**What to do**
Look through the entries below and show every line containing the word "Adjustable".

(Scraped caption text data)
■ ■ ■ ■
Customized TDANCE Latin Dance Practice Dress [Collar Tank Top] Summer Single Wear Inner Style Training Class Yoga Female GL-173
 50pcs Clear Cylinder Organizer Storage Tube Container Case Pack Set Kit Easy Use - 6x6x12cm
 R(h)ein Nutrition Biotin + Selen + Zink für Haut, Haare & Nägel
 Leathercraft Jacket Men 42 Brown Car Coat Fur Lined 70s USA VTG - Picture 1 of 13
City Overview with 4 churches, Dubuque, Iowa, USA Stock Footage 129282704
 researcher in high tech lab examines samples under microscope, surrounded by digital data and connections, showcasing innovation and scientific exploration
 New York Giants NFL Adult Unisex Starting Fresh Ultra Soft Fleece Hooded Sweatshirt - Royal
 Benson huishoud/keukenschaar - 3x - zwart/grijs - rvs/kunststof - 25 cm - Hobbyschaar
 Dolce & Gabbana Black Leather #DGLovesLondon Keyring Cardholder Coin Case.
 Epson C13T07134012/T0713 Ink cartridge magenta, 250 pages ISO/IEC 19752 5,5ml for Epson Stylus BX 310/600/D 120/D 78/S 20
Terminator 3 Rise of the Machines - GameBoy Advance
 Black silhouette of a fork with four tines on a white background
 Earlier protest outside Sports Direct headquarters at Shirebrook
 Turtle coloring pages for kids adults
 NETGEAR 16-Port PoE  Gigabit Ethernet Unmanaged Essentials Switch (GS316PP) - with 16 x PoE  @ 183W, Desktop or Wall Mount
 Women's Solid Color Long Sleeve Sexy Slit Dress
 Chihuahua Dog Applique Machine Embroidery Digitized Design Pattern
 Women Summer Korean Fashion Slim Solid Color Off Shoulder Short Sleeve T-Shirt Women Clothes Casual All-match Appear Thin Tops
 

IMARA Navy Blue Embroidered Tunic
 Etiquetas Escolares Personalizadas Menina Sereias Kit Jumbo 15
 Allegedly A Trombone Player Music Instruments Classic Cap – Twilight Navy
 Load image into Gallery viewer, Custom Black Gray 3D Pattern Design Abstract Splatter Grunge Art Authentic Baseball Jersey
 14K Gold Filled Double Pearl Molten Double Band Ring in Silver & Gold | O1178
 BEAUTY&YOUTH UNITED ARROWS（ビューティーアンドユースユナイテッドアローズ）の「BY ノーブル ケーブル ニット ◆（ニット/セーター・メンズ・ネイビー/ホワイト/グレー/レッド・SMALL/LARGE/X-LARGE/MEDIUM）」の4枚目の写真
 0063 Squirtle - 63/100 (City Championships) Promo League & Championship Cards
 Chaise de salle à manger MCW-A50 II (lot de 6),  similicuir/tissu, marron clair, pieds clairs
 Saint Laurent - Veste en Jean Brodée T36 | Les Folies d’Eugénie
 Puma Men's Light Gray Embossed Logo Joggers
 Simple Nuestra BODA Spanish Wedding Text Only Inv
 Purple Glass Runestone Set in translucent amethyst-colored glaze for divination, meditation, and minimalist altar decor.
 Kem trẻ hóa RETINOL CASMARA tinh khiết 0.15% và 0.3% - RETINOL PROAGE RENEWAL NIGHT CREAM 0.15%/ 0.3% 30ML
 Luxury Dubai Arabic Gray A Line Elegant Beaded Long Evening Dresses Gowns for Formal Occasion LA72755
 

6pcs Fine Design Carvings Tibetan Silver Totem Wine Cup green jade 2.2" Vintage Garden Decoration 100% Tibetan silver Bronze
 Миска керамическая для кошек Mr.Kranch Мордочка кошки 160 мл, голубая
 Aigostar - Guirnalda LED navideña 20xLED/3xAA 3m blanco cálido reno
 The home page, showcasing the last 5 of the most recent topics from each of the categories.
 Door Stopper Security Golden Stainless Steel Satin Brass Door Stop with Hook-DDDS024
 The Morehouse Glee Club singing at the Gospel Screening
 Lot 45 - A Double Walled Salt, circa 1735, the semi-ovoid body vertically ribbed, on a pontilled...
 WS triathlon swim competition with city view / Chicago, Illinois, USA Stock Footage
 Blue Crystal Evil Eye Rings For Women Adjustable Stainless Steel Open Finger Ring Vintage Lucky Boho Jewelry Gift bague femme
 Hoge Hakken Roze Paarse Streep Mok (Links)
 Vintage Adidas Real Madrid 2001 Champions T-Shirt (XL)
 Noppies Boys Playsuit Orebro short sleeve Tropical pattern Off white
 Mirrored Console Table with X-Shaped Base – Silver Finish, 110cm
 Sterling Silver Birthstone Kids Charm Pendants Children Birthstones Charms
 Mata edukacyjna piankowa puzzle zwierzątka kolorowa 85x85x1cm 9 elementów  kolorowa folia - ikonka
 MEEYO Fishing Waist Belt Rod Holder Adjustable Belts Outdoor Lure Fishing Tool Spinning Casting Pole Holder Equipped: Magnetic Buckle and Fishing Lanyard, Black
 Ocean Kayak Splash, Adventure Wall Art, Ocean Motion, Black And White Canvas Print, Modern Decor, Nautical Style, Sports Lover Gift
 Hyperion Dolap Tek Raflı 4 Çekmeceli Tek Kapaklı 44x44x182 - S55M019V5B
■ ■ ■ ■
**Output for this exercise**
 Blue Crystal Evil Eye Rings For Women Adjustable Stainless Steel Open Finger Ring Vintage Lucky Boho Jewelry Gift bague femme
 MEEYO Fishing Waist Belt Rod Holder Adjustable Belts Outdoor Lure Fishing Tool Spinning Casting Pole Holder Equipped: Magnetic Buckle and Fishing Lanyard, Black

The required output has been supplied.